If I could give one piece of advice to scared new mothers, it would be that if you have good intentions and the barest measure of common sense, then nothing you do is going to “ruin” the baby. Eating problems, sleeping problems, pooping problems, even pinching her poor little belly with the car seat buckle–she’ll recover.

Though* you* may not recover from that last one.

Re the whole “oh noes, my infant might get germs on him” thing: I was very laid-back and unworried about taking my first baby out into public when he was a newborn. Then at age 4 weeks he contracted RSV, which led to MRSA pneumonia, which led to a lengthy stay in the NICU including a week of intubation and two surgeries to insert chest tubes. We nearly lost him. He has breathing issues to this day, although thankfully they do seem to be clearing up now that he’s almost 10.

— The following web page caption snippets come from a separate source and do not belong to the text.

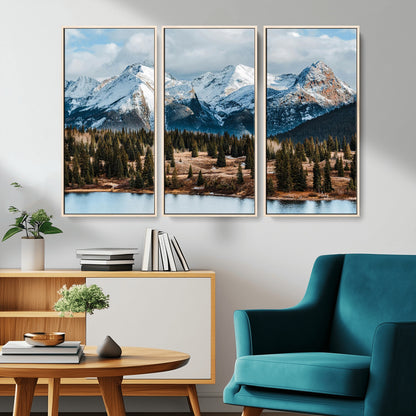 Framed canvas of snowy mountain peaks with pine forest and alpine lake, perfect for winter cabin or wilderness-inspired home decor.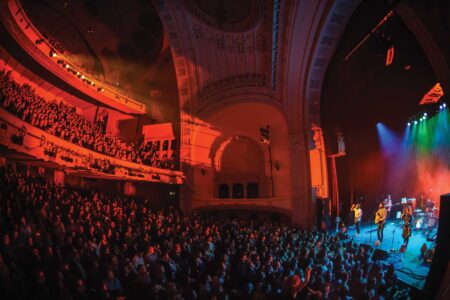 A wide-angle view of a concert in a grand theater, showcasing a band performing on stage with colorful lighting. The audience fills the seats and stands, enjoying the lively atmosphere under the ornate architectural details of the venue.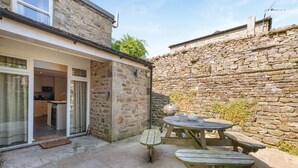 Ein Steinhaus mit einer Terrassenfläche, ausgestattet mit einem Holztisch und Bänken.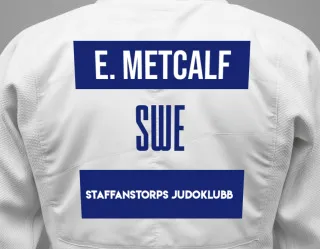 Judo GI with a backnumber showing the name Elian Metcalf from Staffanstorps Judoklubb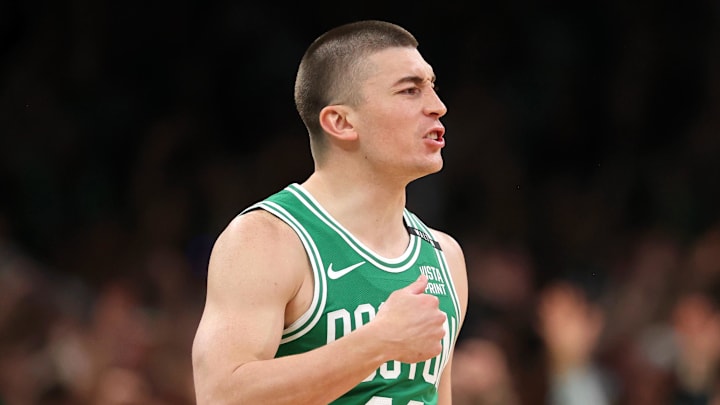 Jun 17, 2024; Boston, Massachusetts, USA; Boston Celtics guard Payton Pritchard (11) reacts after making a half-court shot at the buzzer to end the second quarter in game five of the 2024 NBA Finals at TD Garden. Mandatory Credit: Peter Casey-Imagn Images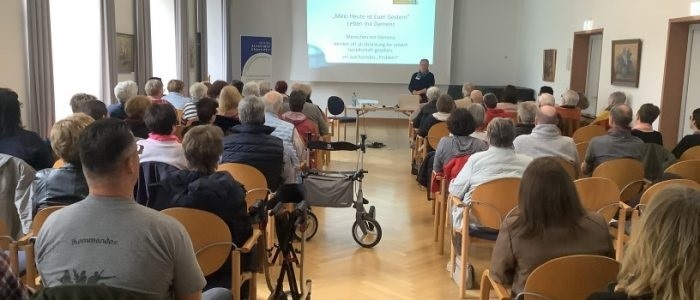 Vortrag Monika Bechtel Demenz Eine Frau steht vor einer Leinwand, auf der "Mein Heute ist euer gestern! ein Leben mit Demenz" zu lesen ist. Davor sitzen viele Menschen auf Stühlen, die ihr zuschauen und -hören, die aber nur mit dem Rücken zu sehen sind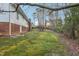 Expansive backyard with mature trees and lush green grass at 209 High House Rd, Cary, NC 27513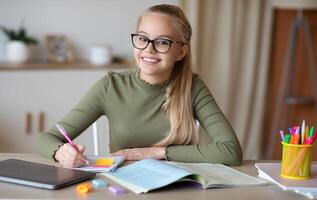 Cheerful teenager doing homework, making notes or writing essay. Pretty blonde school girl in glasses writing in notepad and smiling at camera, enjoying studying, home interior, copy space photo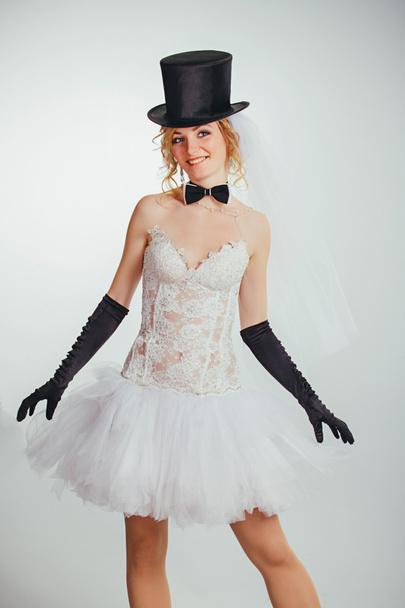 blonde bride in tophat with veil and long black gloves - Photo, image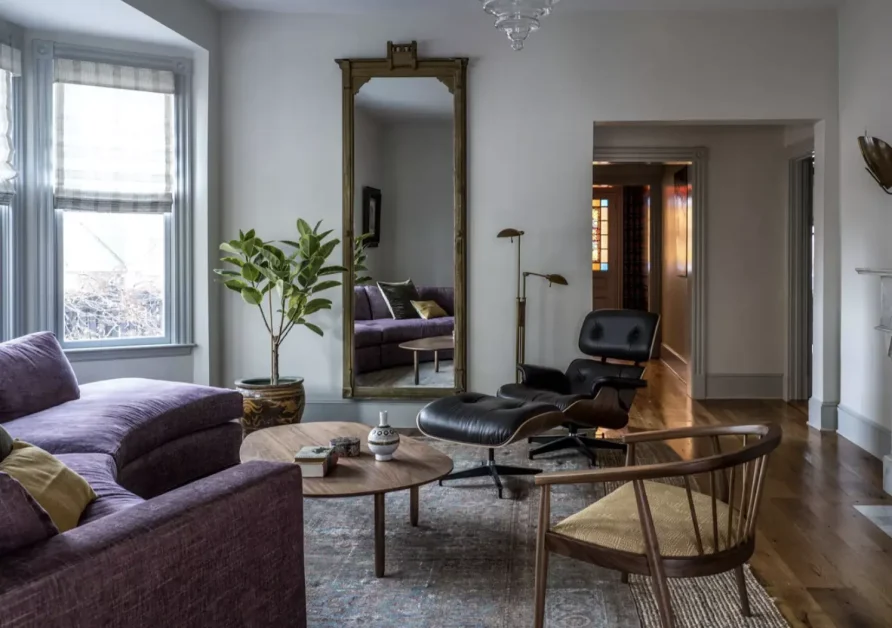 30 Statement-Making Living Room Wall Art Ideas That Transform Your Space 7 Maximize Space with an Oversized Mirror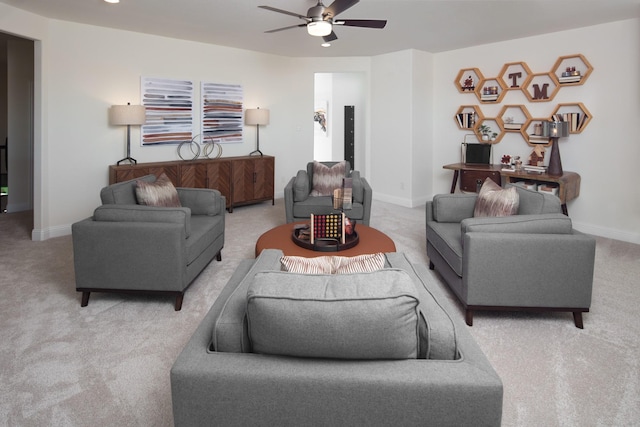 living room featuring carpet and ceiling fan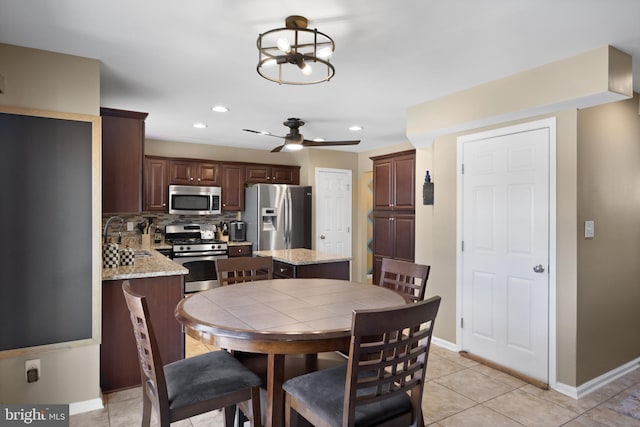 dining space with recessed lighting, ceiling fan with notable chandelier, baseboards, and light tile patterned flooring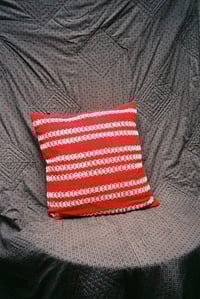 Image 2 of red and white cushion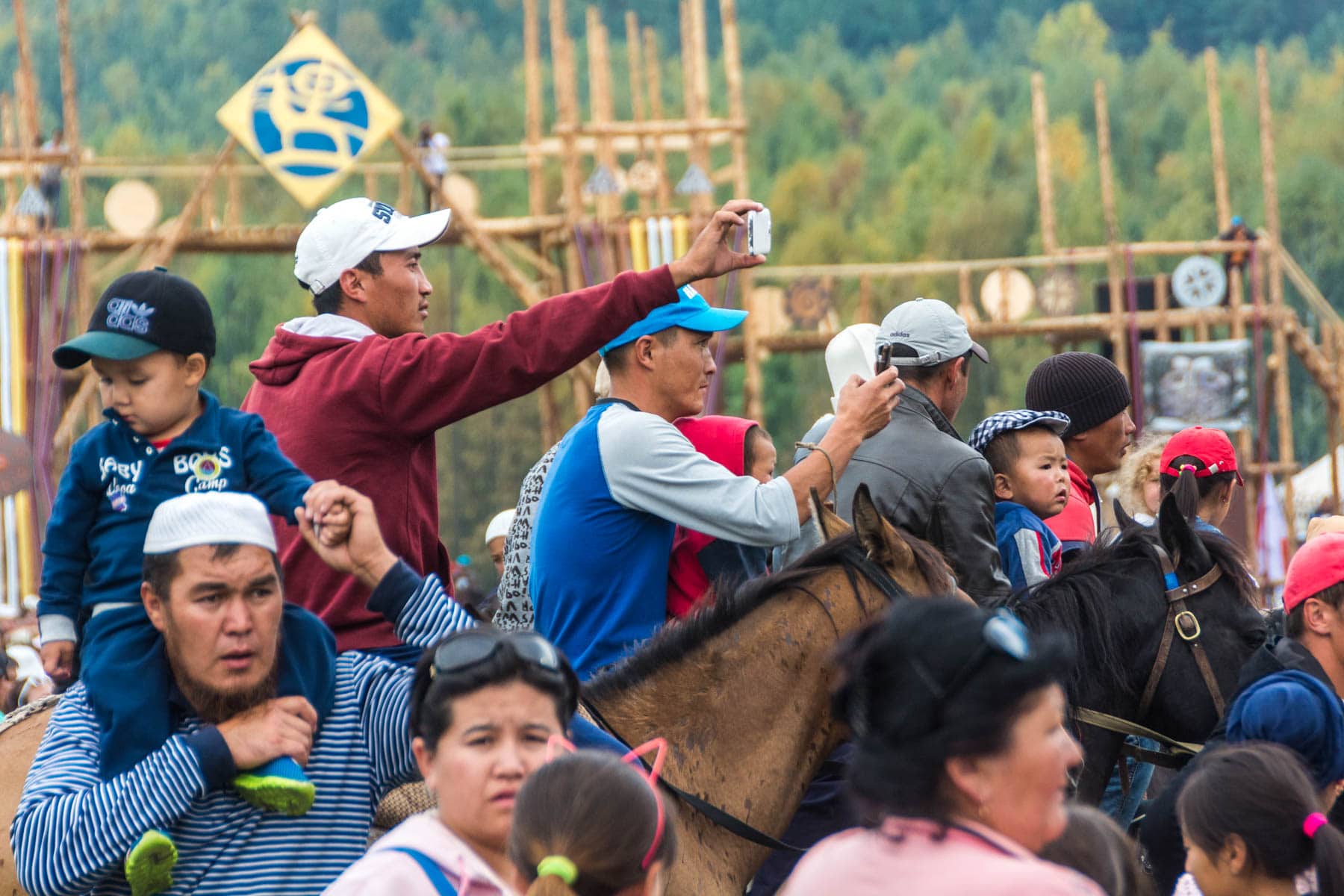 Men with phones on horseback at the World Nomad Games in Kyrgyzstan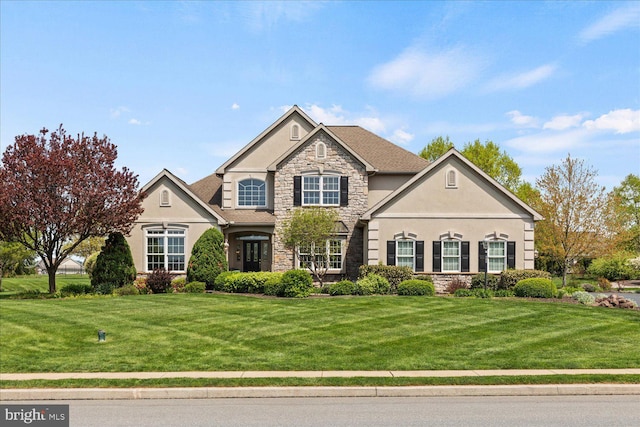 view of front of property with stone siding, stucco siding, and a front yard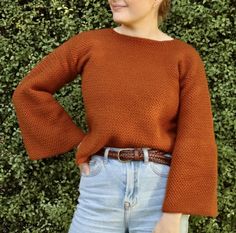 a woman standing in front of a hedge wearing a brown sweater and jeans with her hands on her hips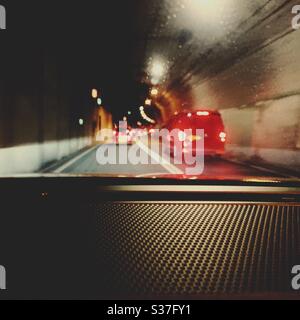 Autos fahren durch den Tyne Tunnel in Nordostengland. Durch die Windschutzscheibe sind unscharfe rote Bremsleuchten zu sehen. Verkehrsinfrastruktur. Stockfoto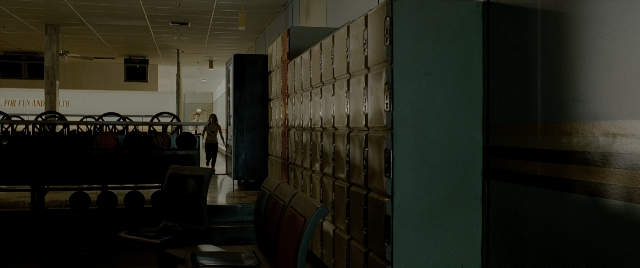 Wide shot frame from Constantine — walking, room, furniture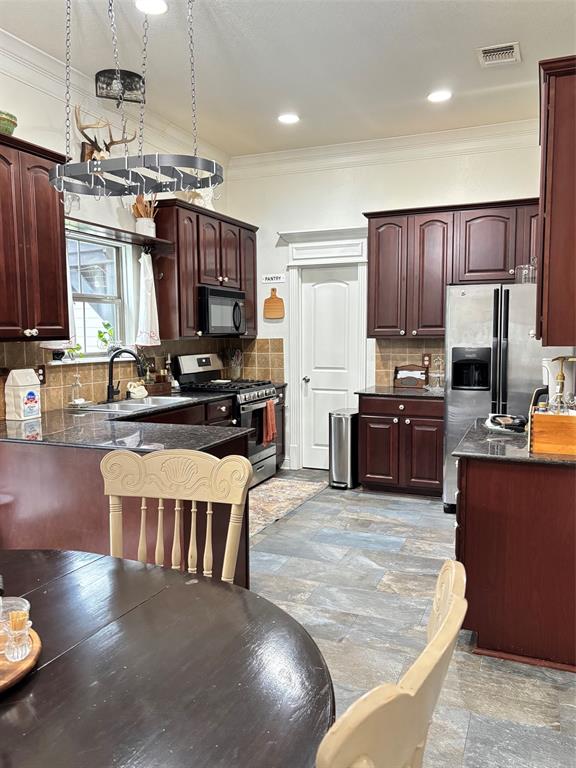 605 Jade Haughton, LA 71037 - Photo 5 of 34 Kitchen featuring dark wood cabinetry, stainless steel appliances, tiled backsplash,and slate looking tile floors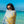 A woman wrapped in a towel with a bold sun design stands by the ocean, gazing at the camera while wearing round sunglasses. The towel features yellow and blue colors against a neutral background, adding a pop of brightness. The crystal-clear turquoise water and deep blue sky in the background create a perfect sunny beach day atmosphere. Her relaxed and playful expression, combined with the vibrant setting, evokes a carefree summer vibe.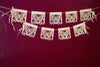 Corn husk papel picado by Ay Mujer. Mariposa design  cut into hojas de maiz and strung into banner art.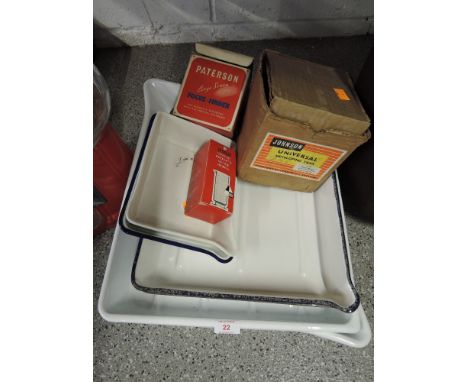A selection of printers and photography enamel ceramic and plastic developing trays with tank, probeta and focus finder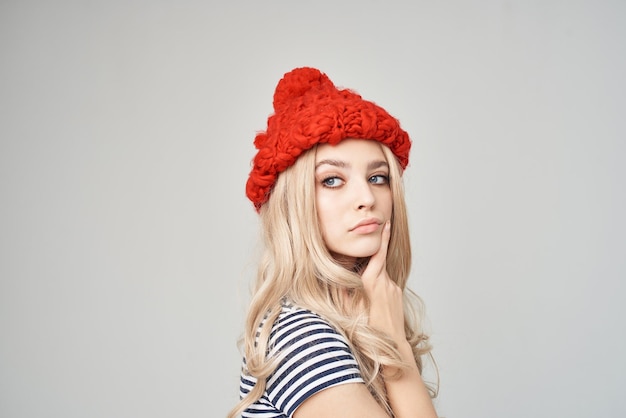 Blonde in a striped Tshirt Red Hat light background Lifestyle High quality photo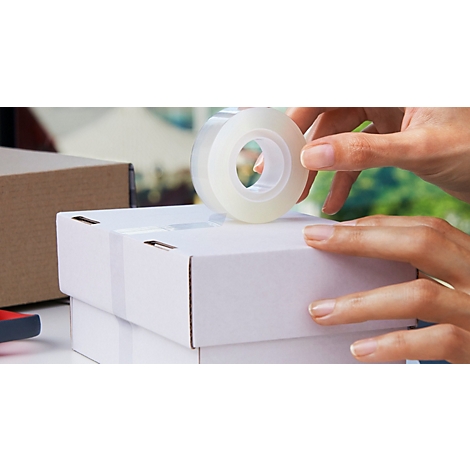 Handen houden een rol transparante Scotch-tape boven een witte kartonnen doos.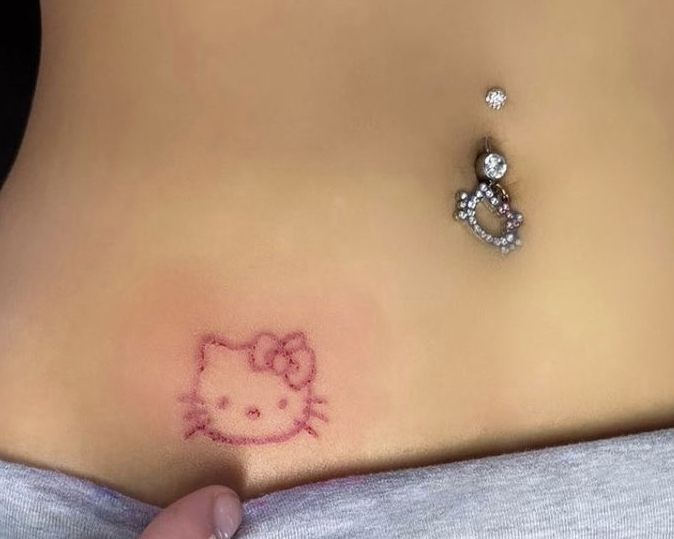 a hello kitty tattoo on the side of a woman's stomach with a diamond ring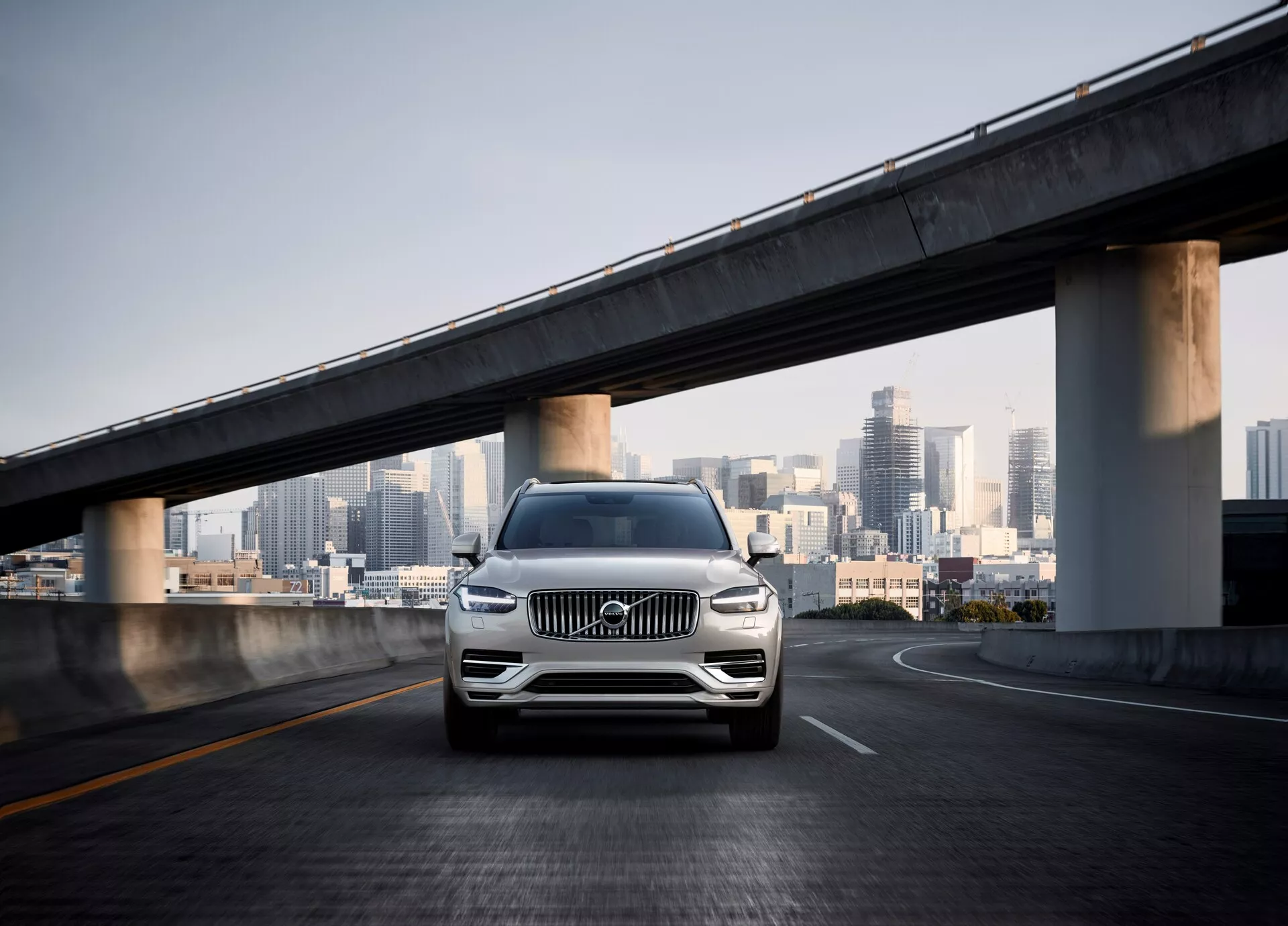 Una toma frontal del SUV Volvo XC90 de segunda generación de 2015 en un paso elevado vacío, con el horizonte de la ciudad en el fondo. El ángulo de la cámara es bajo, mostrando la parrilla frontal, las luces LED, los acentos cromados, las llantas de aleación y un parachoques esculpido con sensores, indicando asistente de estacionamiento o sistema de detección de colisión. La pintura perlada o metálica del coche brilla a la luz del día, destacando su lujo y diseño moderno en un entorno urbano.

Anyway, I still think that you shouldn’t freak out and refuse to leave your house with your newborn. But I also think that you should tell people to keep their dirty paws off your kid unless they wash their hands first.

Oh, or accidently making them bleed when trying to clip their nails. Oh, the guilt!!

I went over there to find the thread you were talking about. No one’s trying to hard to challenge her, but to me it looks like they’re baiting her to watch her get loonier and loonier. One easy way to entertain yourself over there and point out the crazy with less risk of the banhammer.

When I had my first, I didn’t like taking him out because of all the crap I had to lug with me. Then I went to India when he was 18 months old and realized I was carrying too much crap with me every time we went out. So that wasn’t an issue with the second.

The reason that taking the second out was problematic was that I had to deal with two kids, and one of them could take off running whenever he wanted. Even though he was remarkably well behaved (except for a few incidents), I was convinced that if I went to the grocery by myself with them both he’d take off running, get hit by a car and I’d run after him only to have the baby then left in the cart all by herself, then she’d get pneumonia (it was the middle of winter)/get hit by a car/tumble out of the cart/other disaster scenario and I’d have to live with the guilt of having been responsible for maiming my kids for the rest of my life.

Then one day I took them both to Target alone. I told my then-3.5 year old son that I needed help with the cart and he happily pushed or held my hand and was generally delighted to walk alongside me, while his sister gawked at everything around her. Both were pretty good. Of course, he did flip out on me once in a Borders, but she was 8 months old at the time, teeny tiny.

Oh, wait. I said the mommy wars were the worst thing about mommy boards. Changed my mind…the worst thing is the formula shaming. Dear lord that pisses me off.

Last Sunday there was a young couple with a little baby in Mass; the kid was big enough to sit on her own but not to stand. At first she was asleep; once she woke up, she refused all of Mommy’s attempts to stick the pacifier in.

We figured out why after a while: you can’t sing along with a pacifier in your mouth :slight_smile: She followed the tune better than most grown-ups…

This might have something to do with location and time of year the baby is born. My baby is going to be born during the height of flu season and we live in a city of 10 million people where we take public transportation everywhere we go. At this point I’m asking all of my family and the people who will be in close contact with her to get their flu shots and I’ve already determined she isn’t going anywhere we can’t walk to (or take a cab for doctor appointments) for the first couple of months she is alive because the level of exposure is too great. Her little immune system isn’t going to be ready to take on New York City right away!

I think you’re right about this. I was told when I had my daughter in 2009 that I should wait to take her out to the grocery or mall or anywhere there were likely to be a lot of people in a small area for about six weeks. She’s a November baby, so born during flu season.

My son, on the other hand, was ok’d to travel to India when he was a newborn. We didn’t, but the doc had no problem with it - same pediatrician. He was born in May.